After a week-long vote, members of Air Canada's largest union rejected the carrier's plan to suspend pension funding for nearly two years, complicating the cash-strapped airline's efforts to steady its finances, said Reuters. A slim majority (50.8 per cent) of mechanics, baggage handlers, cargo agents and electricians narrowly voted against a proposed 21-month agreement that would have frozen their wages and put a moratorium on pension funding.

However, the finance and clerical divisions were overwhelmingly in favour of their collective agreements, at 87.5 per cent and 93.2 per cent, respectively.

Air Canada has concluded agreements for collective agreement extensions with its entire unionized workforce in Canada, in addition to having reached tentative agreements on a pension-funding moratorium. The agreements are subject to a number of conditions including ratification by the membership of each of the five unions, the adoption by the federal government of an order-in-council amending Air Canada's pension funding rules and Air Canada raising a minimum of $600 million in new financing.

The vote threatens to delay efforts by Air Canada to gain federal approval for a 21-month deferral of its pension plan, said Bill Trbovich, a spokesman for the International Association of Machinists and Aerospace Workers, which represents about 12,300 employees at Air Canada, in the Globe and Mail.

A suspension of payments is necessary for the airline to avoid filing bankruptcy protection for a second time in six years, analysts say.
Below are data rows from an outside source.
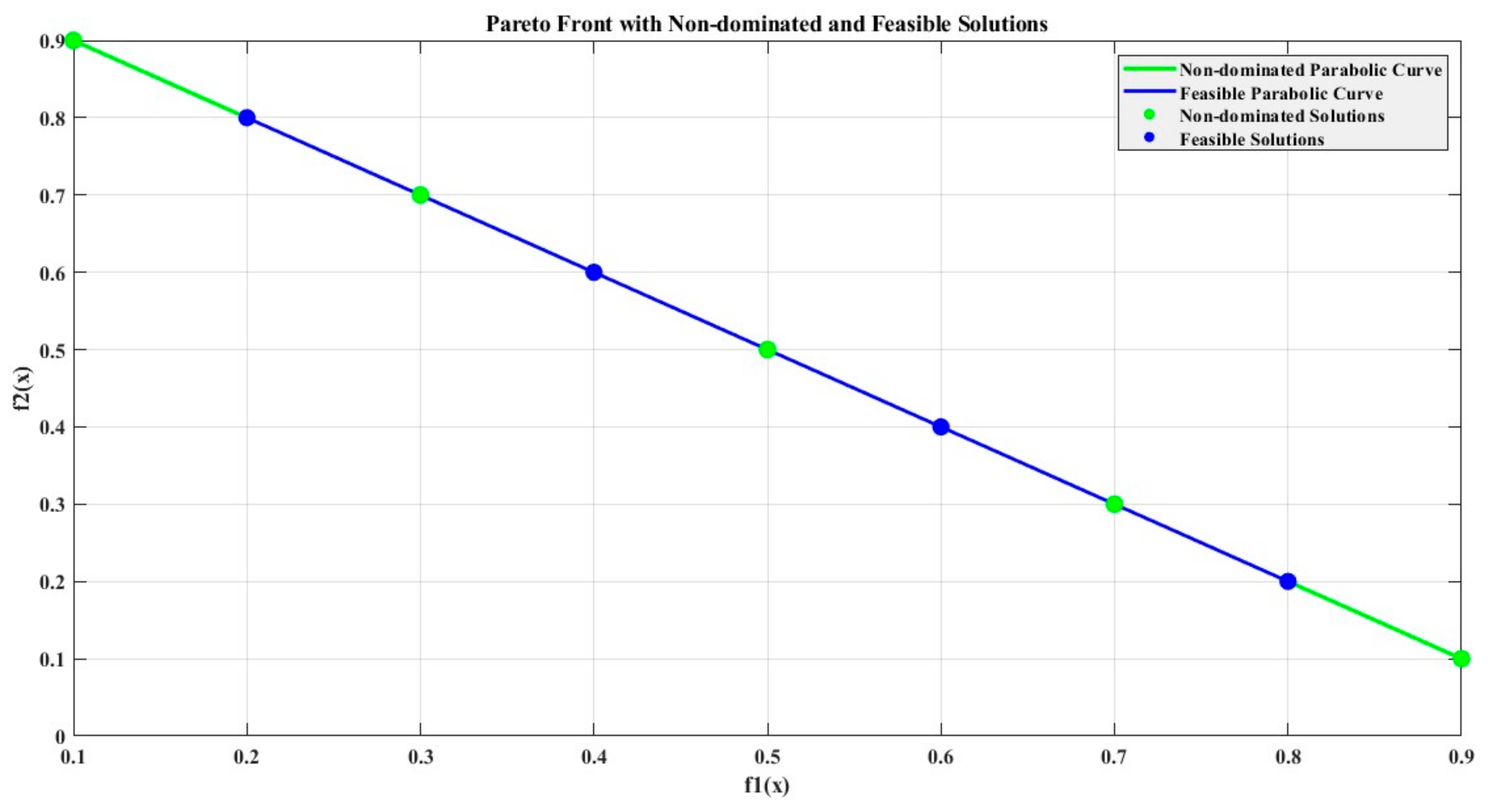 Energies 17 03295 g002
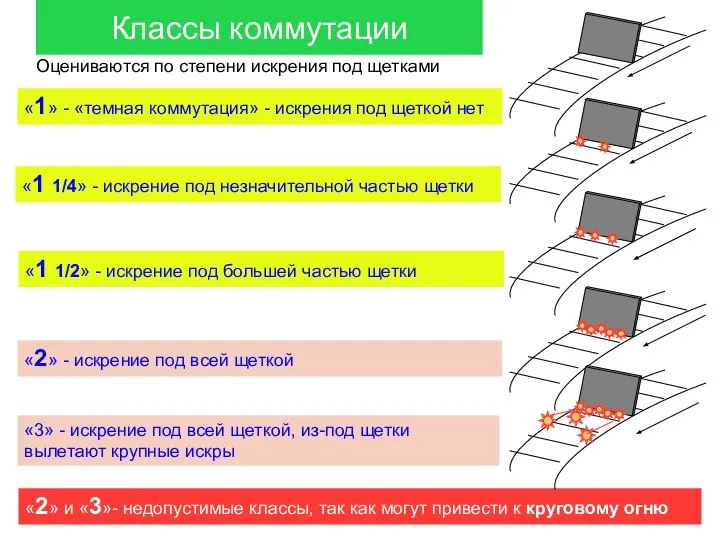 Классы коммутации «1» - «темная коммутация» - искрения под щеткой нет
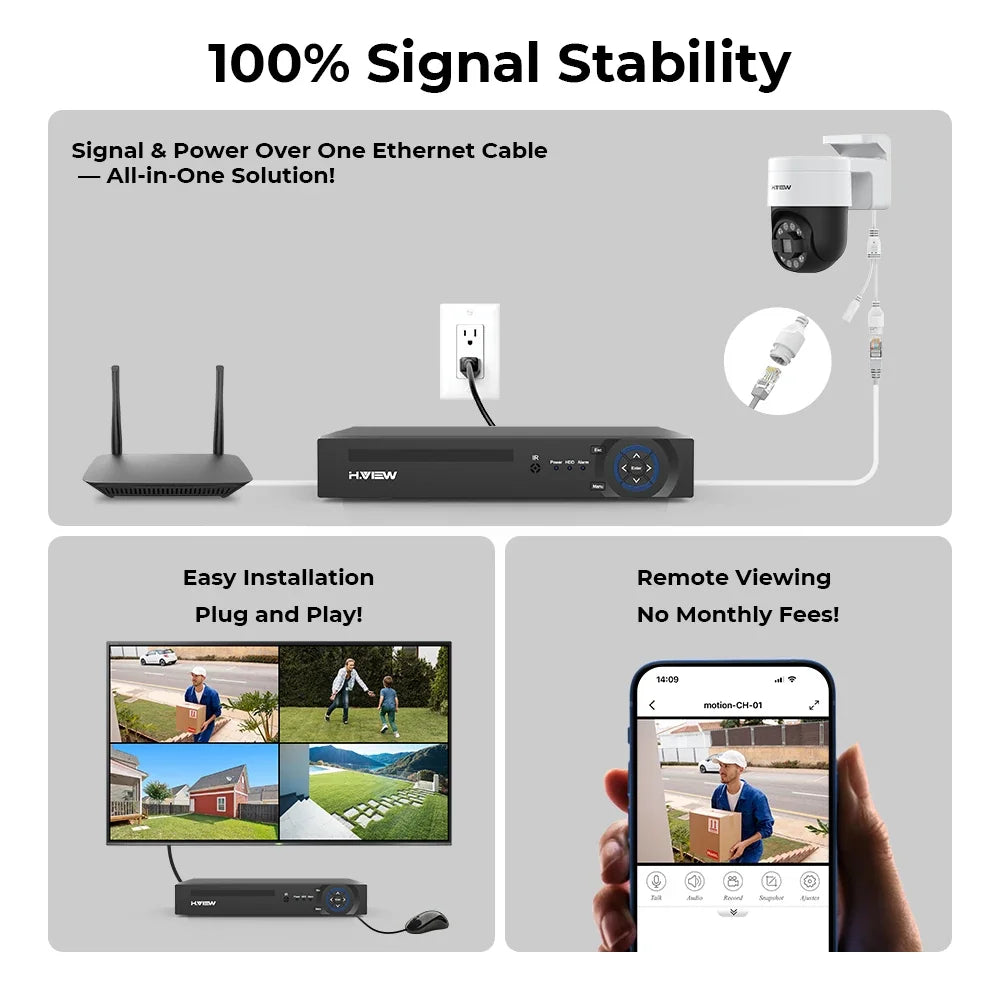 Kit Caméras De Surveillance Extérieure PTZ 4K PoE
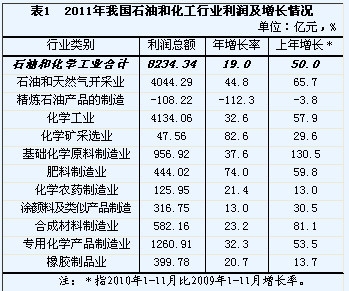 環(huán)保加固材料成本效益分析，環(huán)保加固材料成本效益分析，探尋綠色與經(jīng)濟(jì)的平衡點(diǎn) 行業(yè)新聞 第6張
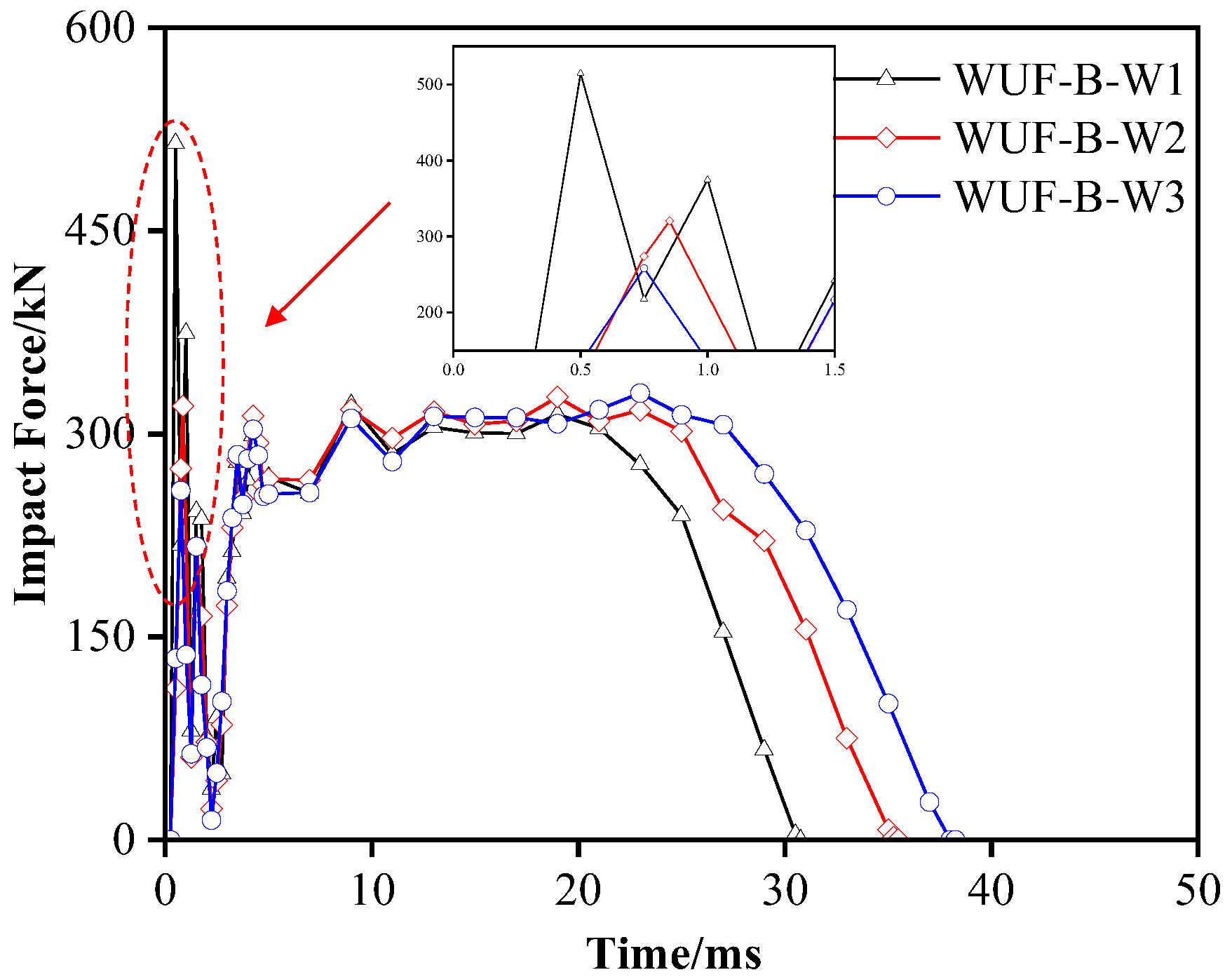 Buildings 15 03144 g017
Air Canada has said that labour peace is crucial if it hopes to line up fresh financing to make its debt payments while riding out a sharp global slowdown in travel.

Earlier this month, the airline reached a tentative agreement with flight attendants, the last of its big unions to accept the moratorium on funding a C$2.9-billion shortfall in its pension plan.

The recent vote could embolden members of other unions to reject agreements negotiated by their leaders, said Reuters.